Free Analyzing SPSS (Pasw) Software: Part 2 Essay Example
Workplace safety is the welfare, health and security concern of an employee in the course of carrying out their occupational activities. There are a number of factors that contribute to injury in the workplace, some of the factors are environmental which mainly is determined by the kind of work schedule of the employee and the nature of supervision of the organization. The type of work also is a contributing factor depending on the exposure to hazards by the employees. Personal factors that the injury rate include age, gender and the health status of the employee. The individual factors of the employee naturally contribute to the fatigue, drowsiness and stress of the employee (Dembe et al., 2005).
According to (Dembe et al., 2005), exposure of a worker to safety and health hazards and inappropriate supervision are some of the leading factors that cause stress to an employee. Stress is predictably one of the factors that directly impact the injury rate of employees. This is because stress will directly impact how an individual behaves. The injury that an employee is exposed can be assessed in several ways depending on the frequency of the injury and its severity.

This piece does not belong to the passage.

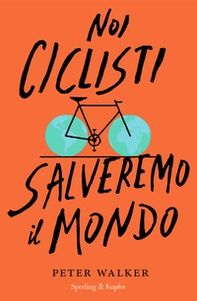 Noi ciclisti salveremo il mondo - Librerie.coop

It is expected that sleepiness of the employee contributes to behavioral decrements in the workplace which may lead to an increase in the injury rate of that particular employee or his/her colleagues (DeArmond & Chen, 2009).
In the article “Occupational Safety: The Role of Workplace Sleepiness”, DeArmond & Chen, 2009 explain that sleepiness is often a factor in the decrement of behavior at work. Sleepiness is one of the consequences of insomnia and is usually caused by unpredictable sleeping patterns. Therefore, stress and lack of enough sleep are some of the factors that can lead to increase in injuries rates at the workplace. Among the possible factors that cause stress are poor supervision of employees and increased workload.

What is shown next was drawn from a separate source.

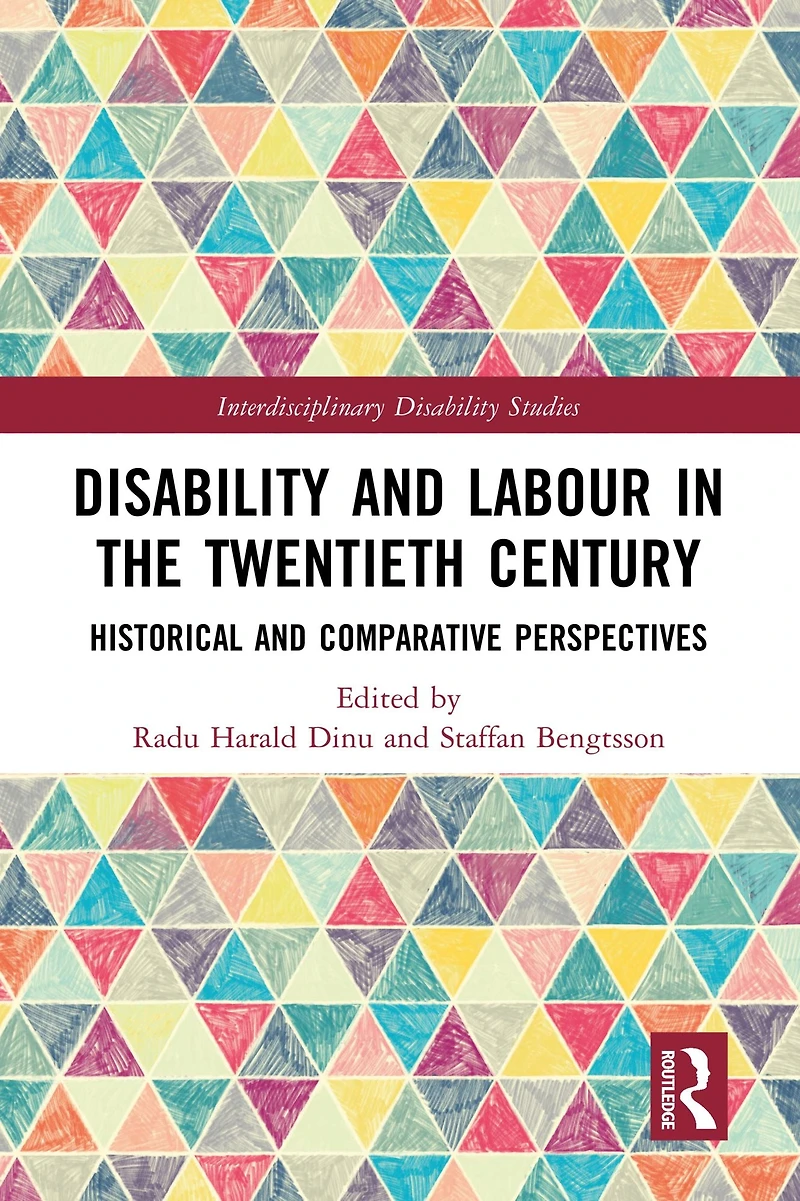 Disability and Labour the Twentieth Century: Historical Comparative Perspectives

Safety climate is the employee’s perception of the supervisor’s priority in terms of safety and health hazards of the employee at the workplace. The objective of this study is to determine if there is a relationship between the safety climate on all three locations and the injury rate reported by the employees. An extension of this study will be conducted so as to determine the association between the number of hours worked and the injury rate. The outcomes of this study will be used to improve the existing safety programs at the workplace.
Is there a significant association between safety climate and the injury rate on all the three locations?
The null hypothesis HO: Safety climate does not significantly predict the injury rate.
The alternative hypothesis H1: Safety climate significantly predicts injury rate.
Descriptive Statistics for Study Variables (N =51)
*N in the descriptive statistics table represents the number of supervisors who completely took part in the study.
*Hours Worked- This variable represents the actual number of hours that all the employees in the team worked for the period under consideration.
*Safety Climate- This variable quantifies the perception of the employees on the safety and health priorities of the supervisor in the 12 month period. This variable was measured quarterly.
*Injury rate- This variable captures the mean injury rate for every 100 employees in the 12 month period.
The mean safety climate is calculated to be 4.697 and its variance is 1.03492. The range of the variable safety climate is 4.3. The value of the standard deviation 1.0349 indicates that the score of the employees on the safety climate can be considered to normally range from 3.66 up to 5.73.
The average value of the variable hours worked is obtained to be 49960.78 and a variance of 15590.242. The range of the variable hours worked is 83200, and this represents the difference between the team that worked the highest number of hours and the team that worked the least number of hours. The value of the standard deviation 15590.24 implies that teams whose number of working hours are in the range of 34370.4 and 65551.02 during the 12 month period are considered to be within the expected limits.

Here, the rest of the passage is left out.